The result should be an exact copy of the data, free of pictures.
++++++++++++++++++++
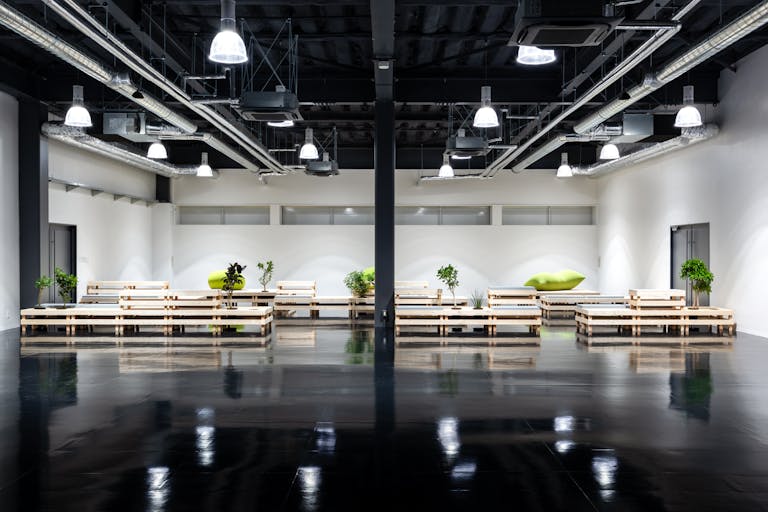 【苦竹駅9分】展示会やセミナーに適したシックなイベントスペースの画像1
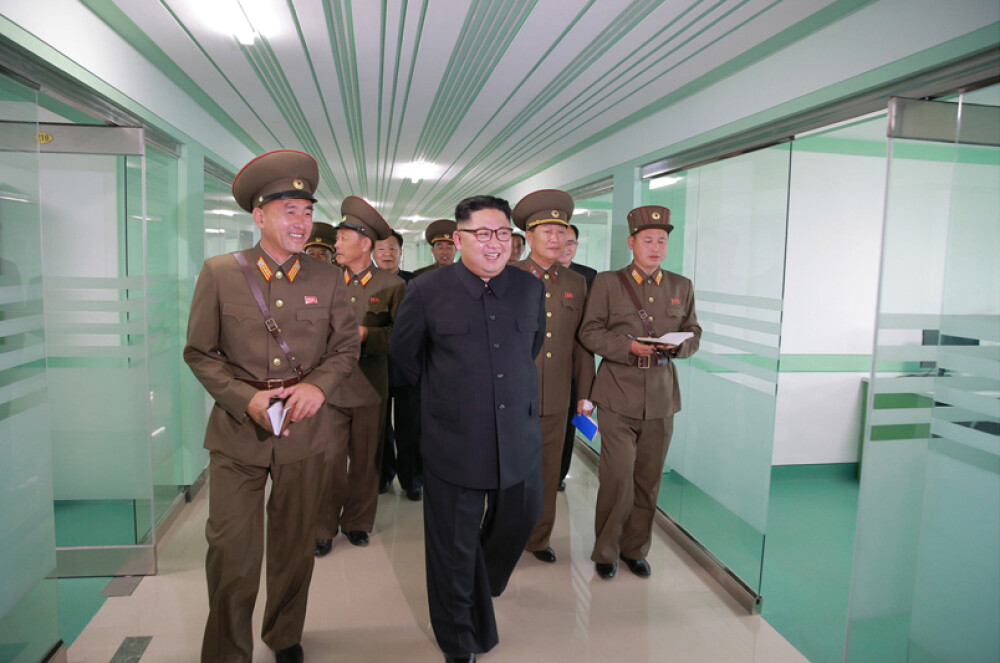 Kim Jong-un a vizitat o fermă, generalii au luat notițe în lanul de orez. Imaginile publicate sunt amuzante și sinistre - Imaginea 1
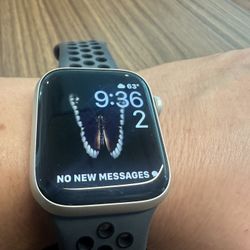 Apple Watch Series 9 (45mm)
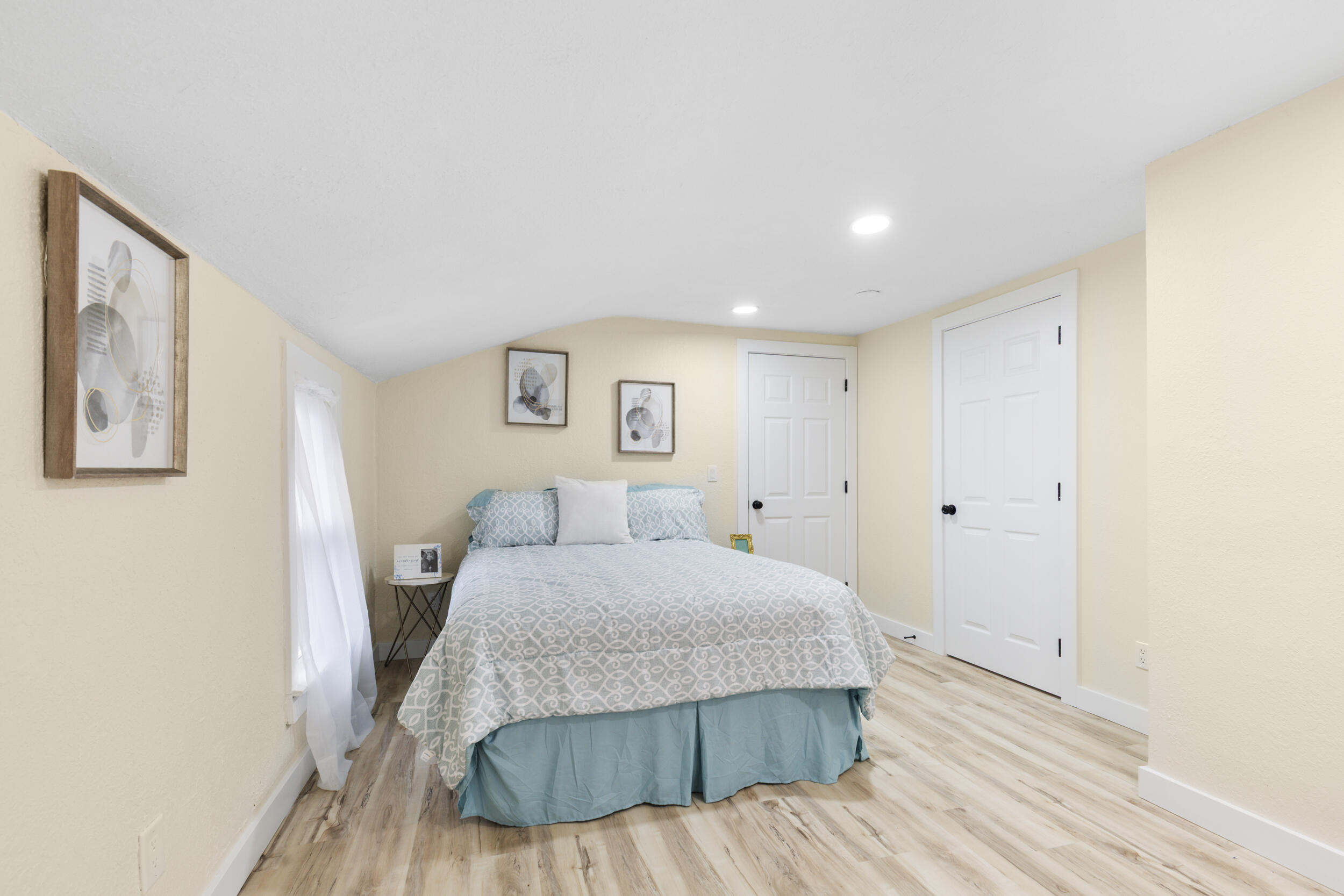 4308 North 65th Street Milwaukee, WI 53216 - Photo 17 of 26 photo jan 06 2026, 9 54 18 pm (1)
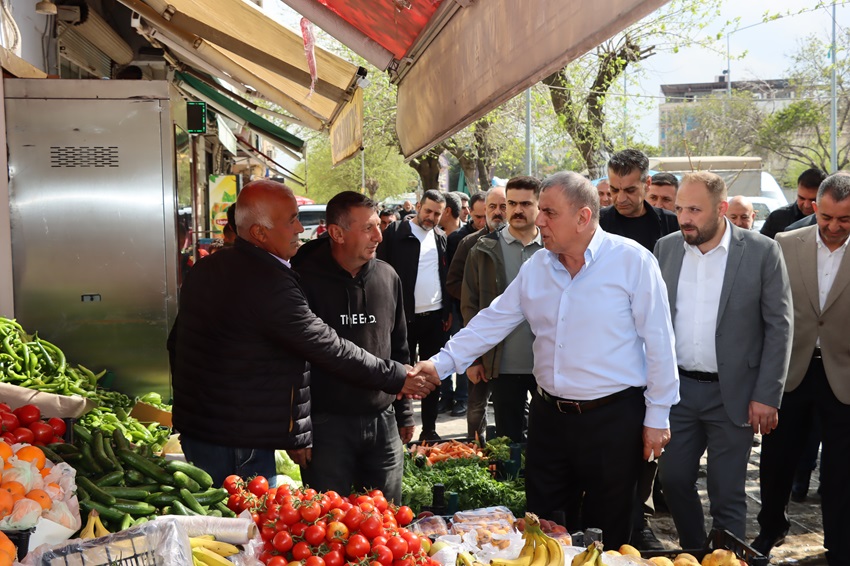 Başkan Şahin'den, esnafa teşekkür ziyareti midyatgundem.com/baskan-sahinde…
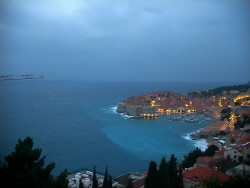 Staré město, přístav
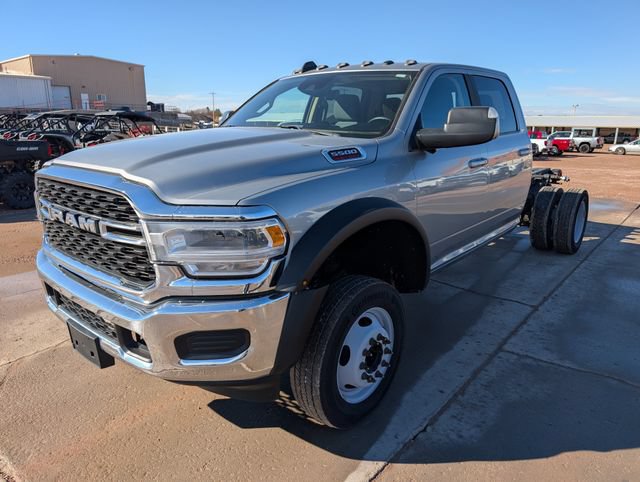 Used 2022 RAM 5500 SLT w/ Quick Order Package 27G SLT AWD/4WD image 1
++++++++++++++++++++
REPLY TO THE TASK:
 【苦竹駅9分】展示会やセミナーに適したシックなイベントスペースの画像1
 Kim Jong-un a vizitat o fermă, generalii au luat notițe în lanul de orez. Imaginile publicate sunt amuzante și sinistre - Imaginea 1
 Apple Watch Series 9 (45mm)
 4308 North 65th Street Milwaukee, WI 53216 - Photo 17 of 26 photo jan 06 2026, 9 54 18 pm (1)
 Başkan Şahin'den, esnafa teşekkür ziyareti midyatgundem.com/baskan-sahinde…
 Staré město, přístav
 Used 2022 RAM 5500 SLT w/ Quick Order Package 27G SLT AWD/4WD image 1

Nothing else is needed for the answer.